Short web captions:
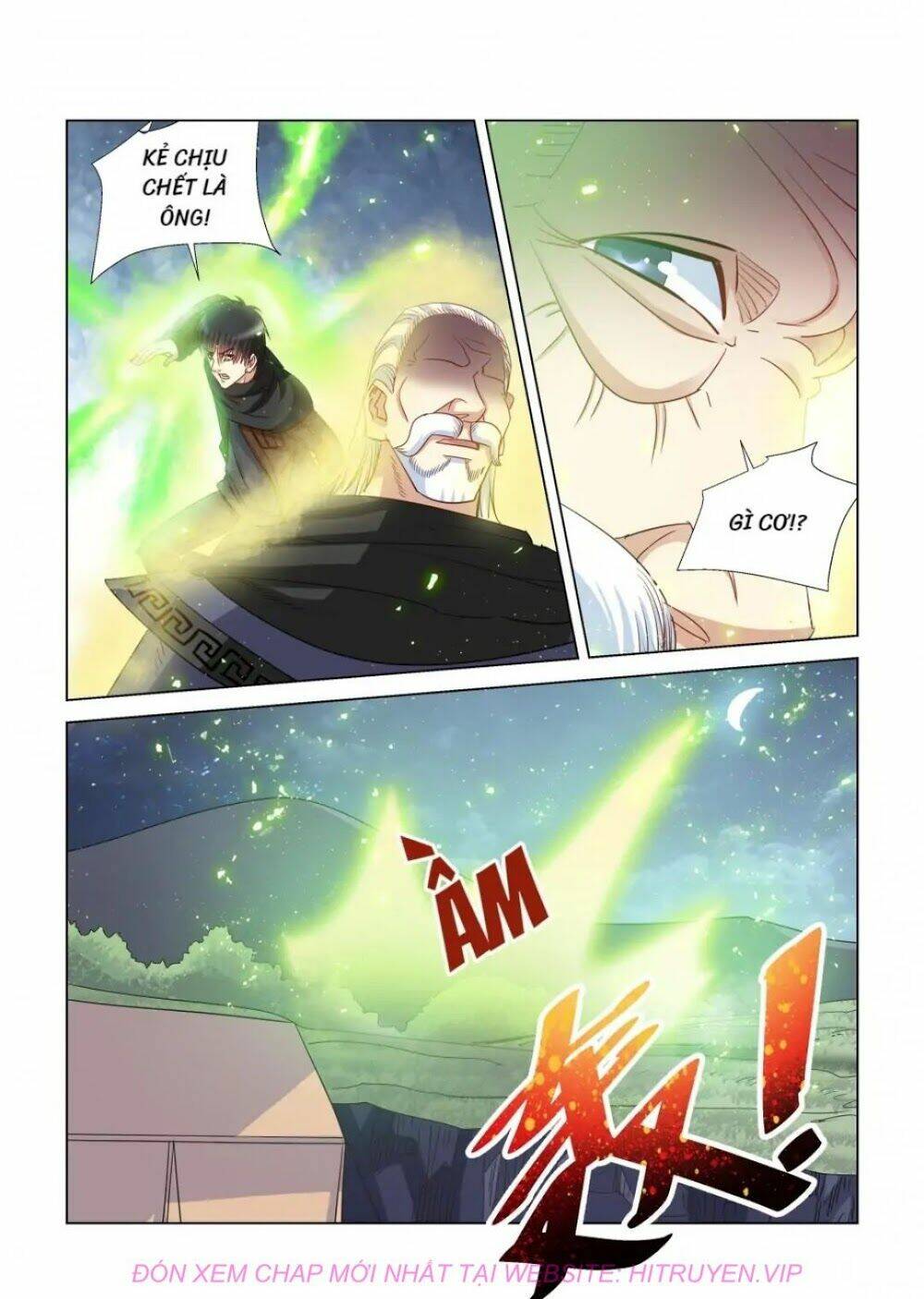 Cao Thủ Cận Vệ Của Hoa Khôi: Chapter 357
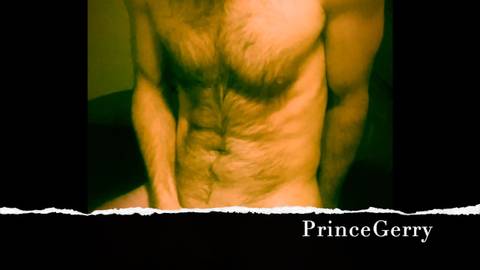 princegerry nude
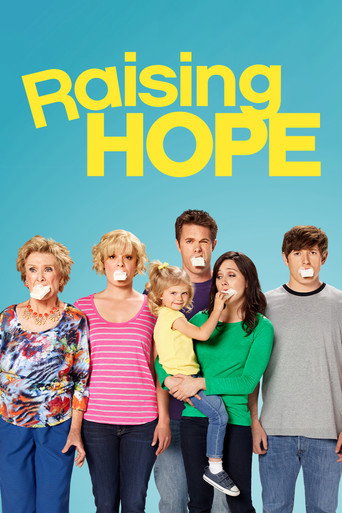Regarder Raising Hope en streaming complet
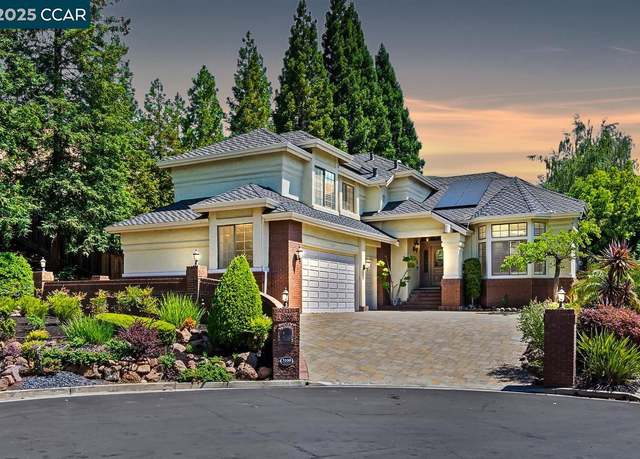 Property at 3100 Fox Creek Dr, Danville, CA 94506, 5 beds, 3.5 baths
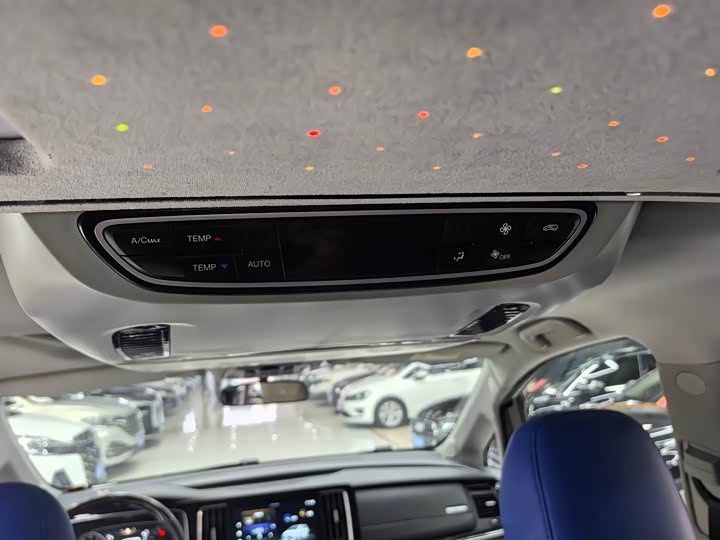 Trumpchi M8 2023 390 T — фото 16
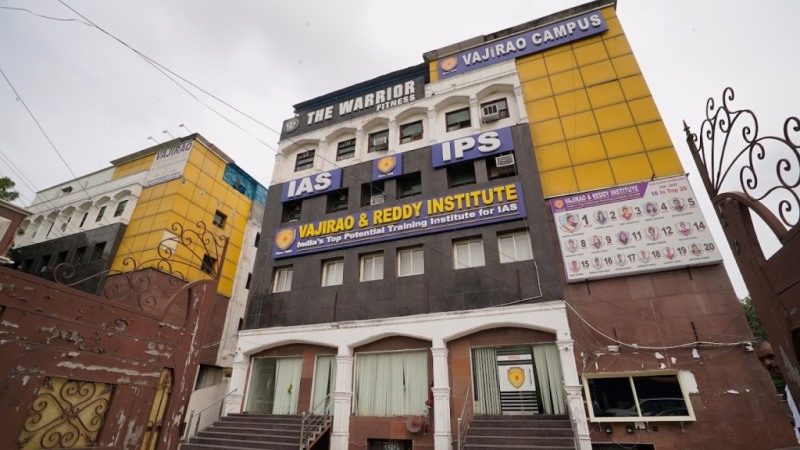 Looking for the Best UPSC Coaching In Delhi  Vajirao IAS Ac - Delhi - Delhi ID1593913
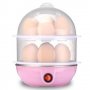 Яйцеварка за варене на яйца на пара My Dream Egg Cooker-на два етажа за 14 яйца, снимка 5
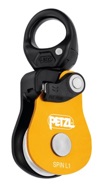 P001BA00-SPIN-SINGLE_Umlenkrolle mit Drehwirbel_PETZL_VERTIC_Industrieklettern_PSAGA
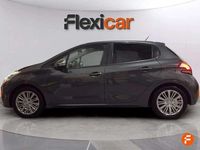 Usado Peugeot 208 Active 82 CV (60 kW) 2017 Gris Utilitario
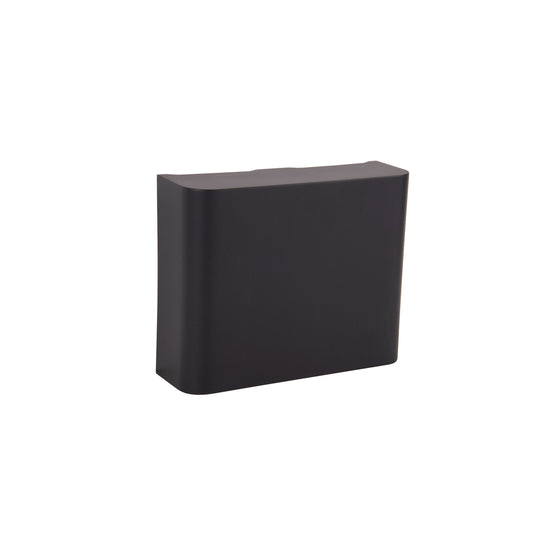 Craftmade Builder Chime, Flat Black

▶ **Work to be completed**
Leave the pictures out, and restate exactly the lines from the start of the records through the one that contains "Яйцеварка за варене".

▶ **Output for this exercise**
 Cao Thủ Cận Vệ Của Hoa Khôi: Chapter 357
 princegerry nude
Regarder Raising Hope en streaming complet
 Property at 3100 Fox Creek Dr, Danville, CA 94506, 5 beds, 3.5 baths
 Trumpchi M8 2023 390 T — фото 16
 Looking for the Best UPSC Coaching In Delhi  Vajirao IAS Ac - Delhi - Delhi ID1593913
 Яйцеварка за варене на яйца на пара My Dream Egg Cooker-на два етажа за 14 яйца, снимка 5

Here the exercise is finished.